IN RE ESTATE OF ADOLPH FANTOZZI (LENA FANTOZZI, ADM'R,


APPELLATE COURT OF ILLINOIS, FIRST DISTRICT, FOURTH DIVISION

Petitioner-Appellant, v.

Lake View Trust and Savings Bank, Respondent-Appellee)

539 N.E.2d 340, 183 Ill. App. 3d 732, 132 Ill. Dec. 30 1989.IL.758

Appeal from the Circuit Court of Cook County; the Hon. Henry A. Budzinski, Judge, presiding.

APPELLATE Judges:

JUSTICE LINN delivered the opinion of the court. JIGANTI, P.J., and JOHNSON, J., concur.

DECISION OF THE COURT DELIVERED BY THE HONORABLE JUDGE LINN

Lena Fantozzi, the administrator of her husband's estate, filed a citation to recover assets from Lake View Trust & Savings Bank. Her claim was premised on her discovery of a passbook among her husband's effects, 24 years after his death. The passbook showed a balance of $35,605.13 in an account presumably opened by her late husband.

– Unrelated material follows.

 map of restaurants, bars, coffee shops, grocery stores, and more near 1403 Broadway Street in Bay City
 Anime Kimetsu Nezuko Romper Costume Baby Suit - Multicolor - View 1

The trial court denied Fantozzi's petition for citation to recover assets.

On appeal, Fantozzi argues that the trial court erred in applying the rule that the law presumes payment of a debt that has been due and unclaimed for 20 years; the 20-year period had not run in any event; the court erred in ruling that the bank's records need be preserved for only three years; and the court erred in holding that Fantozzi had failed to establish her cause of action.

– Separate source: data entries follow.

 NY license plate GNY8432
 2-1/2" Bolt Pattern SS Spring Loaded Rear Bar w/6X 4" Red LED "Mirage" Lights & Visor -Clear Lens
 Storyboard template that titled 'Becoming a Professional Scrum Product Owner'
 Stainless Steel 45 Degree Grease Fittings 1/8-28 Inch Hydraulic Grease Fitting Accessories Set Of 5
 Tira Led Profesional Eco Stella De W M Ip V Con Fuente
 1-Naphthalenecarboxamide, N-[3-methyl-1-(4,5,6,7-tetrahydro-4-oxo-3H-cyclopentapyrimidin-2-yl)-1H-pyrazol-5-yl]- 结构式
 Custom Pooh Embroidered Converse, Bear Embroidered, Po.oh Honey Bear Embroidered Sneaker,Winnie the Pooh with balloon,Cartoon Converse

We affirm the trial court.

Background

In 1983 Fantozzi discovered a Lake View Trust & Savings Bank passbook when she was cleaning out an attic where her husband, Adolph, had stored his business and personal papers. The passbook showed an account number but listed no name. It showed a balance of more than $35,000 as of May 31, 1958, the date of the last entry. Fantozzi's husband died on May 2, 1959.

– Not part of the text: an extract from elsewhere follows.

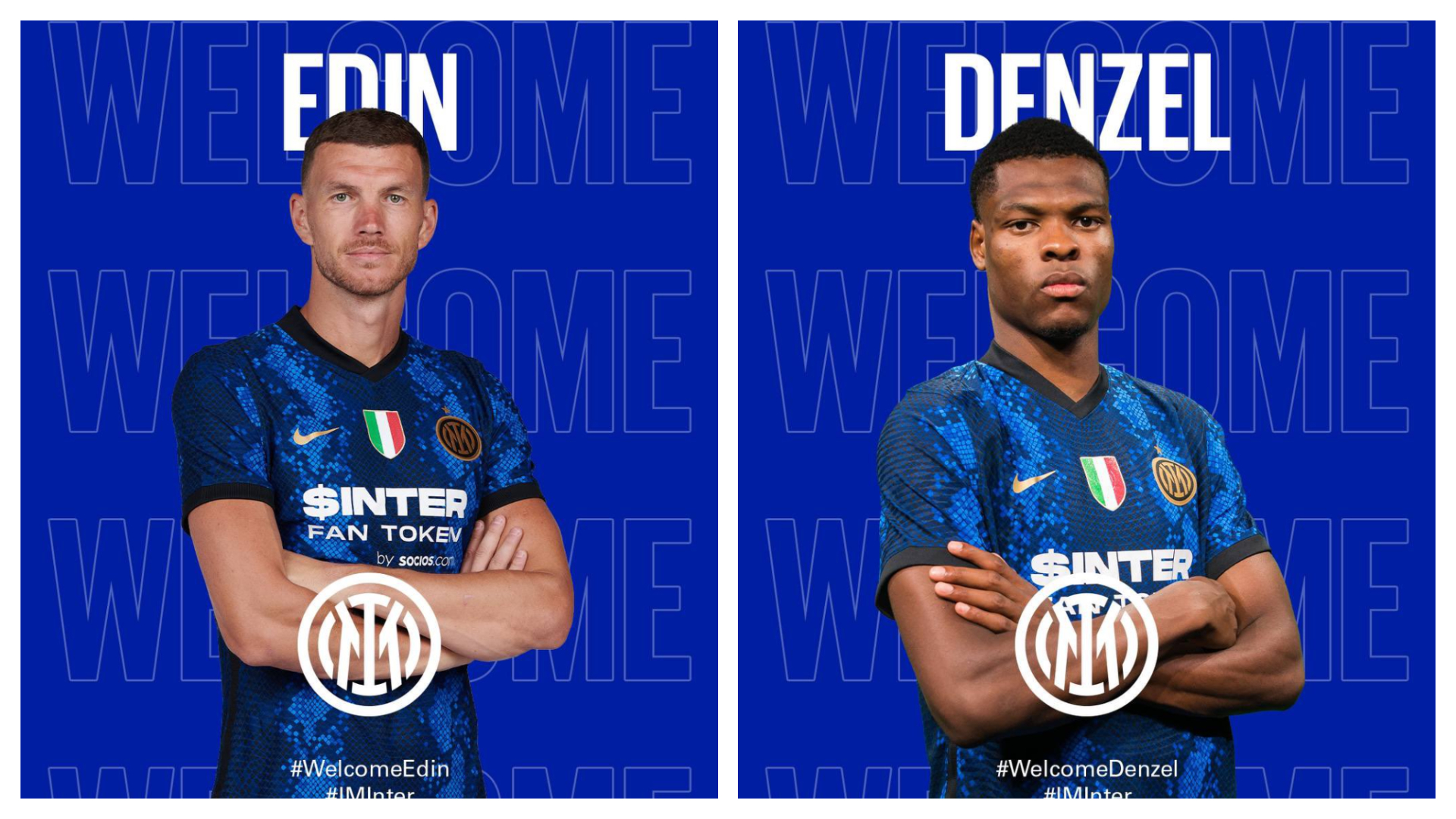 Edin Džeko i Denzel Damfris (©FC Inter)
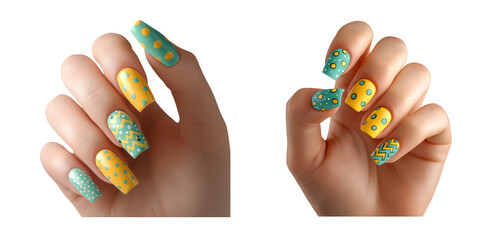 Fototapeta premium Colorful Nail Art Designs on Hands Transparent Background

Lake View checked its records when Fantozzi presented the passbook, but found no evidence that the passbook was an open account. Lake View told Fantozzi to check with the Illinois Department of Financial Institutions, since under State law Lake View could not hold funds in an inactive account for more than 15 years but would have been required to turn them over to the Department. See Ill. Rev. Stat. 1983, ch. 141, par. 101.

The Department had no record that Lake View had turned over the account. Fantozzi then brought the instant citation ...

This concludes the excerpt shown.